– A mí tampoco me gusta -dijo. Y era verdad. Gracioso. Nunca había admitido eso ante nadie. No importaba especialmente, hacía lo que tenía que hacer, pero no le gustaba, quizá no de la misma manera que a ella. Lo suyo era un asunto de espacio vital, un evitar la cercanía de los otros. Pero Rikki… estudió su cara-. No creo que mi toque te moleste tanto.
Ella parpadeó. Parpadeaba raramente, pero él había dado en el blanco. Ella apretó los labios y entonces entrecerró los ojos.
– Eres bastante arrogante para un hombre que no puede moverse sin una pila de armas a su lado.

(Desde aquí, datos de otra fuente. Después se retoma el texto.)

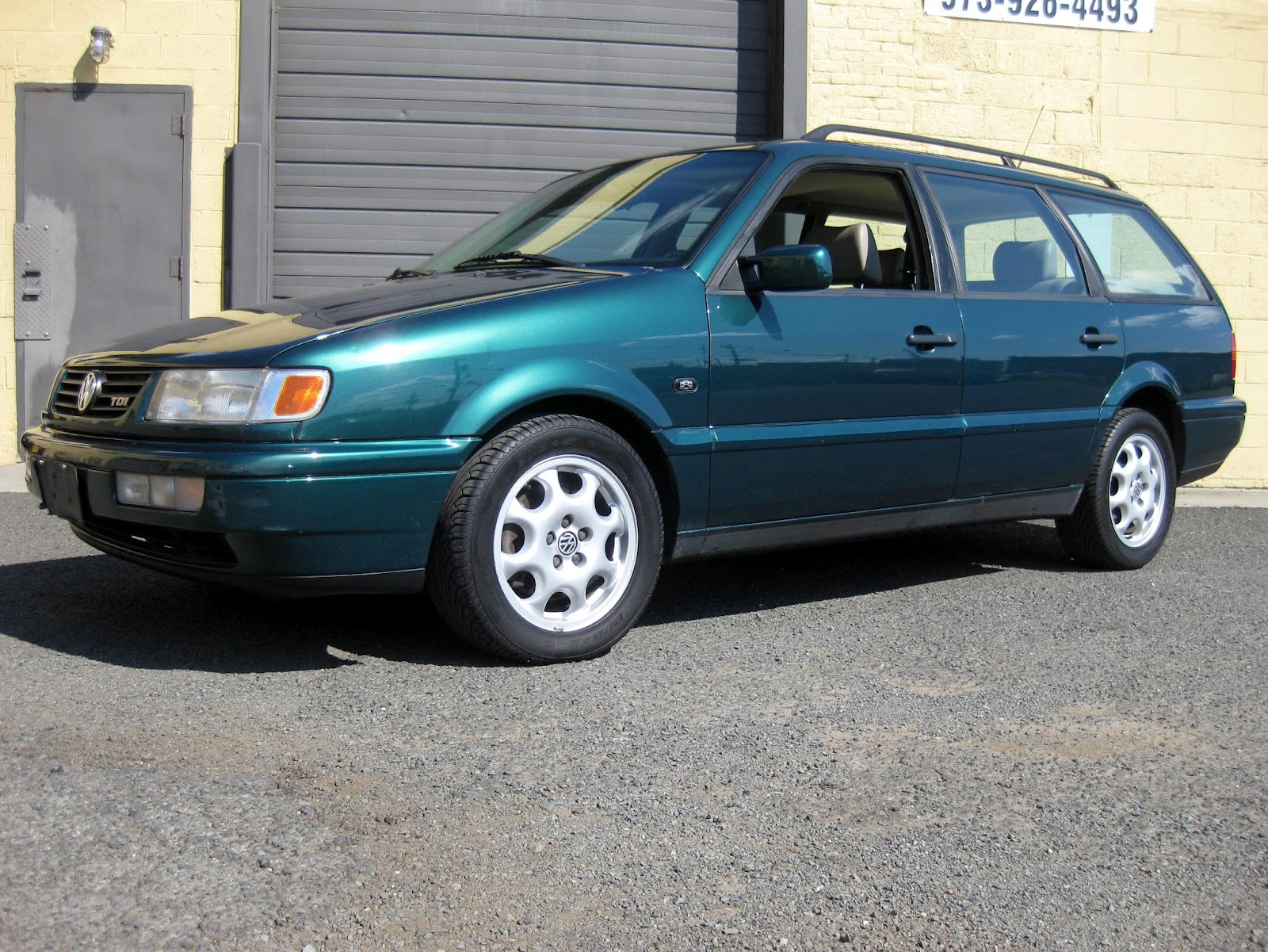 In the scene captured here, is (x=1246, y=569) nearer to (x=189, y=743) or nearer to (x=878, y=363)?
(x=878, y=363)

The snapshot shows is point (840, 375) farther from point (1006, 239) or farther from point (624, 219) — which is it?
point (1006, 239)

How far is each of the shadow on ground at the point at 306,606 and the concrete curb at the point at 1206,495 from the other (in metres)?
2.66

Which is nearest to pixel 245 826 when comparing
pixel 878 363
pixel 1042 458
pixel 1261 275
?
pixel 878 363

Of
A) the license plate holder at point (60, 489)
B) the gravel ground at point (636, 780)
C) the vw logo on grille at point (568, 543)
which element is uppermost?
the license plate holder at point (60, 489)

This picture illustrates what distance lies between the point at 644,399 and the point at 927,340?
1249mm

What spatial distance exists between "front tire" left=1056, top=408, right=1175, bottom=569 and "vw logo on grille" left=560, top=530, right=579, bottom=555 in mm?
2563

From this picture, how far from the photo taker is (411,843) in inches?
93.4

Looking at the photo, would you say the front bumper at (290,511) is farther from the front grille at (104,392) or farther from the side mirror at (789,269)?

– Tienes inclinación a la violencia.
Pareció ultrajada.
– ¿Qué? Tú eres el hostil. Yo soy la Madre Teresa aquí. Y no me gusta la gente enferma.
– ¿Te gusta alguien? -La diversión se arrastraba otra vez. Comenzaba a gustarle la sensación-. ¿Algo?
– No particularmente. -Se soltó el brazo como si recordara que le estaba tocando y se suponía que tenía que estar protestando-. Y tú especialmente.
Se frotó el brazo mientras se alejaba de la cama hacia el cuarto de baño. A Lev le pareció que el frotar se volvió más suave, casi una caricia, o quizá estaba sólo en su mente. Comprenderla se estaba volviendo rápidamente una obsesión, pero quizás era porque siempre que se concentraba en ella, no tenía que mirarse a sí mismo y no soportaba ese escrutinio. No ahora, no cuando se sentía expuesto y vulnerable.
Ella regresó, esta vez con una toallita caliente y un pequeño kit de emergencia muy ordenado.
– Esto quizás duela. Lexi haría un mejor trabajo. ¿Quieres esperarla? Es buena con la gente, especialmente con personas con dolor. Es su cosa, ayudarles.
– Hazlo. Hemos llegado muy lejos y estoy acostumbrado a ti. No querría atacar a Lexi por accidente.
La expresión de Rikki cambió, los ojos oscuros se volvieron tempestuosos.
– Mantén las manos lejos de ella. Yo no tendría problemas en meterte tu cuchillo en el corazón si la tocas.
Entonces tenía una vena protectora. Otro talón de Aquiles. Había estado comenzando a pensar que estaba aislada de todos. Pero allí estaba. La tormenta. La promesa. Y era mortalmente seria. Le gustó. No quería una santa. Él no era santo y uno nunca podía vivir con… ¿qué demonios estaba pensando? Se había llevado realmente un golpe en la cabeza.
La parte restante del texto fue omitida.